[Exercise]
Write the listing below out again exactly, though only as far as the line with "4243 N Arnold Mill Road, Woodstock, GA 30188", which is included.

[Data to process]
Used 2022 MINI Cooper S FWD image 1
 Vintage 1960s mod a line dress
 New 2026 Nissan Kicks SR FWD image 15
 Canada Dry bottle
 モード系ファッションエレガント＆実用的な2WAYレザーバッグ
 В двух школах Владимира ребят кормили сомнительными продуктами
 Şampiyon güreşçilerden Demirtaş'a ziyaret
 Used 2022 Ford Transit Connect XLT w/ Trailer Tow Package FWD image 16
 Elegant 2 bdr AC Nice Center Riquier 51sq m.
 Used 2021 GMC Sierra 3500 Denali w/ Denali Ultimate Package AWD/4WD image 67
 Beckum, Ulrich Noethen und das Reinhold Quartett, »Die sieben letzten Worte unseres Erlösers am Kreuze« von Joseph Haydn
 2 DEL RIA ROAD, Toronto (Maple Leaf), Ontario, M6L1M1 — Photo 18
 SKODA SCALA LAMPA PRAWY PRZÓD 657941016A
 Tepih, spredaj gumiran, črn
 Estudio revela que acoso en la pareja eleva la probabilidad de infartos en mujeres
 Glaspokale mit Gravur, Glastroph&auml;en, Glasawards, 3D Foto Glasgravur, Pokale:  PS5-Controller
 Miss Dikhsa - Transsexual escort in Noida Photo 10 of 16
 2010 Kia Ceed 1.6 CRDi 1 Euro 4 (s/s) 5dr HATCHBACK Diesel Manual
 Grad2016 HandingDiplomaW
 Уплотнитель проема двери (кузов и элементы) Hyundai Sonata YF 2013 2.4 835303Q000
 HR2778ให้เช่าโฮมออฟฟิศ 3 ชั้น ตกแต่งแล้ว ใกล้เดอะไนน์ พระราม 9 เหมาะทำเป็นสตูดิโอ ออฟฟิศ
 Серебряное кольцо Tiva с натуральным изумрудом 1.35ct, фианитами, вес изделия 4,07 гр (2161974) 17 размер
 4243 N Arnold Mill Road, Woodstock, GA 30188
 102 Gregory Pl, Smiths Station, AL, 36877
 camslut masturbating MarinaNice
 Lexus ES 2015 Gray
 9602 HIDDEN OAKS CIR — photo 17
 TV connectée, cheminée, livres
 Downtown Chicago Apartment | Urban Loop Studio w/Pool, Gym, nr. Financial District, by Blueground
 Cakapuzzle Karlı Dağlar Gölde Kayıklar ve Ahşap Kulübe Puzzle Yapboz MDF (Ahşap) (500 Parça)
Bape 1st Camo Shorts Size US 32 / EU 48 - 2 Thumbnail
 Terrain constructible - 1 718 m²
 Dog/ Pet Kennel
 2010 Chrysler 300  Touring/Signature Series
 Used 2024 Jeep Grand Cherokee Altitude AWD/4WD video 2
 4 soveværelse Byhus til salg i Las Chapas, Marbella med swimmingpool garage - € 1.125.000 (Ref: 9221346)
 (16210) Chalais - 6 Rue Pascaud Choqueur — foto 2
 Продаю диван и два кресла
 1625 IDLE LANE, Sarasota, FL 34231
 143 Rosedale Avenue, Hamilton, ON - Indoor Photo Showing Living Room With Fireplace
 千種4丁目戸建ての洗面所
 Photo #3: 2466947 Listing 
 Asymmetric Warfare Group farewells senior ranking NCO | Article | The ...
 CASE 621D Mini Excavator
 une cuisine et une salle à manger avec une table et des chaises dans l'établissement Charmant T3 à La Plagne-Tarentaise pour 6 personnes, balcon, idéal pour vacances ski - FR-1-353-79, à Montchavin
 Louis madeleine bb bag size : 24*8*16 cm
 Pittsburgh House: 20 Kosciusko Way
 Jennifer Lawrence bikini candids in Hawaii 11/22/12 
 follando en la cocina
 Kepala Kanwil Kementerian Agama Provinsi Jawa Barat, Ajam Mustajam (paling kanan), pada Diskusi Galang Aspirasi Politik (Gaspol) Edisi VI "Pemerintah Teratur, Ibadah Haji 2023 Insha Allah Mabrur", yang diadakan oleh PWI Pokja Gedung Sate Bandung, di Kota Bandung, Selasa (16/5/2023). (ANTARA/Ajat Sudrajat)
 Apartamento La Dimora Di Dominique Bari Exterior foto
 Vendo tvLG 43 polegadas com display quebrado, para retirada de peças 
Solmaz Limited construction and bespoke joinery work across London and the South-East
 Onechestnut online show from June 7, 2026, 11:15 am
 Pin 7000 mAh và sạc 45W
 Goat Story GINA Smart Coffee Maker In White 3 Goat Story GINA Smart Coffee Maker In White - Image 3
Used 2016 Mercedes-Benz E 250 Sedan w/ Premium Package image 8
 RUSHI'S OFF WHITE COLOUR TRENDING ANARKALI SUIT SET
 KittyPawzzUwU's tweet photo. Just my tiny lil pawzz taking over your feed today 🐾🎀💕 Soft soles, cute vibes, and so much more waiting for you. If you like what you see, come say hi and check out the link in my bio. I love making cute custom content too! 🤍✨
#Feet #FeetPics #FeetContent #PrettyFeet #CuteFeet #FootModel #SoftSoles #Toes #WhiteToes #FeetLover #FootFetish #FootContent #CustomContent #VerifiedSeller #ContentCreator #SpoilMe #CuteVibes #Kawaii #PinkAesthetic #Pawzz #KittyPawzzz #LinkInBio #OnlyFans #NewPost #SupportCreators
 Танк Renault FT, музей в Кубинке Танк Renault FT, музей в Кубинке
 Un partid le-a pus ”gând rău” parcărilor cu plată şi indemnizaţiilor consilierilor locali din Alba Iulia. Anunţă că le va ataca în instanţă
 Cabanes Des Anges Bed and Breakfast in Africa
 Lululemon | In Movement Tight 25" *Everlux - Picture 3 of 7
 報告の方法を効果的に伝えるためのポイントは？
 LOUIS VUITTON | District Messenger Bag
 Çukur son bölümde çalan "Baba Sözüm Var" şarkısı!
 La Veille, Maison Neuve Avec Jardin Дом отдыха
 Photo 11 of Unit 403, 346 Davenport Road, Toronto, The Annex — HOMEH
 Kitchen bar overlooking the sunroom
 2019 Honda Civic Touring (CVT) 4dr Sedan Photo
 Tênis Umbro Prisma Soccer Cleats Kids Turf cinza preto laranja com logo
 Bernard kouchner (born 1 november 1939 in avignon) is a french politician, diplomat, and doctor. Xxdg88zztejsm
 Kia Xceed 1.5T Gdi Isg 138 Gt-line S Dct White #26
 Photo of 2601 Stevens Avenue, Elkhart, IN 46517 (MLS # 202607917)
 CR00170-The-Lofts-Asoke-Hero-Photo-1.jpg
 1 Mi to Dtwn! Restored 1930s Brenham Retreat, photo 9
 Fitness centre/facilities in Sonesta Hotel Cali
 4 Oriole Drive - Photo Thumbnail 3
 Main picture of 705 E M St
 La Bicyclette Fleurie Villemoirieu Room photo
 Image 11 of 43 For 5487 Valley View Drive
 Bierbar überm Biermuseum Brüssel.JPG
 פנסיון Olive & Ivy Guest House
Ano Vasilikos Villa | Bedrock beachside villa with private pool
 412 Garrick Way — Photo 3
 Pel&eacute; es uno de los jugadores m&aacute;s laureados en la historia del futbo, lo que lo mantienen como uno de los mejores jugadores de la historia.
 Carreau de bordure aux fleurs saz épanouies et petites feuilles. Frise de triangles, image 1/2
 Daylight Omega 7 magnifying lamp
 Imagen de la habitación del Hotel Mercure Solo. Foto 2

[Task result]
Used 2022 MINI Cooper S FWD image 1
 Vintage 1960s mod a line dress
 New 2026 Nissan Kicks SR FWD image 15
 Canada Dry bottle
 モード系ファッションエレガント＆実用的な2WAYレザーバッグ
 В двух школах Владимира ребят кормили сомнительными продуктами
 Şampiyon güreşçilerden Demirtaş'a ziyaret
 Used 2022 Ford Transit Connect XLT w/ Trailer Tow Package FWD image 16
 Elegant 2 bdr AC Nice Center Riquier 51sq m.
 Used 2021 GMC Sierra 3500 Denali w/ Denali Ultimate Package AWD/4WD image 67
 Beckum, Ulrich Noethen und das Reinhold Quartett, »Die sieben letzten Worte unseres Erlösers am Kreuze« von Joseph Haydn
 2 DEL RIA ROAD, Toronto (Maple Leaf), Ontario, M6L1M1 — Photo 18
 SKODA SCALA LAMPA PRAWY PRZÓD 657941016A
 Tepih, spredaj gumiran, črn
 Estudio revela que acoso en la pareja eleva la probabilidad de infartos en mujeres
 Glaspokale mit Gravur, Glastroph&auml;en, Glasawards, 3D Foto Glasgravur, Pokale:  PS5-Controller
 Miss Dikhsa - Transsexual escort in Noida Photo 10 of 16
 2010 Kia Ceed 1.6 CRDi 1 Euro 4 (s/s) 5dr HATCHBACK Diesel Manual
 Grad2016 HandingDiplomaW
 Уплотнитель проема двери (кузов и элементы) Hyundai Sonata YF 2013 2.4 835303Q000
 HR2778ให้เช่าโฮมออฟฟิศ 3 ชั้น ตกแต่งแล้ว ใกล้เดอะไนน์ พระราม 9 เหมาะทำเป็นสตูดิโอ ออฟฟิศ
 Серебряное кольцо Tiva с натуральным изумрудом 1.35ct, фианитами, вес изделия 4,07 гр (2161974) 17 размер
 4243 N Arnold Mill Road, Woodstock, GA 30188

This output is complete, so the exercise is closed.